WHAT YOU SHOULD DO
Your output should be the lines below from the one with "2024 GMC Yukon 4WD 4dr SLT" through the one with "Just Funky Dungeons", copied exactly, pictures excluded.

[[ INFORMATION GIVEN open ]]

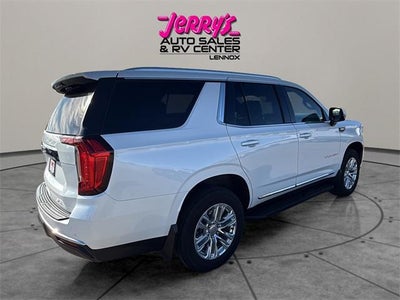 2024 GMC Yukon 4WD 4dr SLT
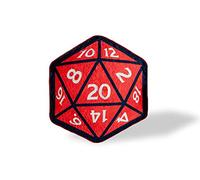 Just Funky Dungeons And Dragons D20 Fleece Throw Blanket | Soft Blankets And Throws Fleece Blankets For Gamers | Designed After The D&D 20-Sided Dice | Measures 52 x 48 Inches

[[ INFORMATION GIVEN closed ]]
[[ INFORMATION GIVEN open ]]

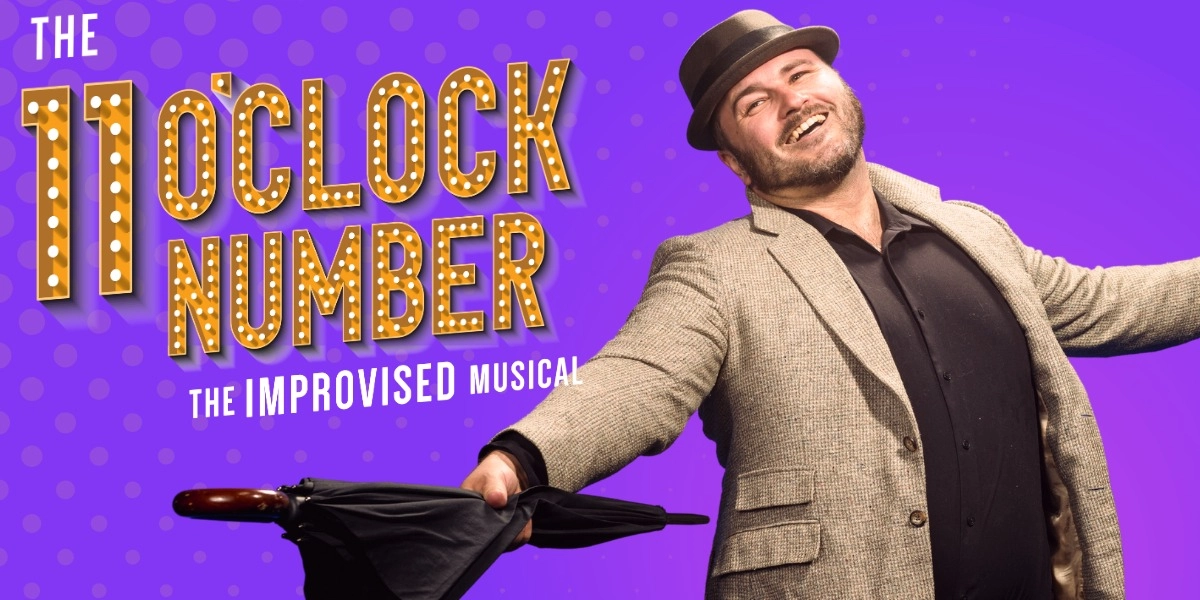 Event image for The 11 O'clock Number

[[ INFORMATION GIVEN closed ]]

REPLY
 2024 GMC Yukon 4WD 4dr SLT
 Just Funky Dungeons And Dragons D20 Fleece Throw Blanket | Soft Blankets And Throws Fleece Blankets For Gamers | Designed After The D&D 20-Sided Dice | Measures 52 x 48 Inches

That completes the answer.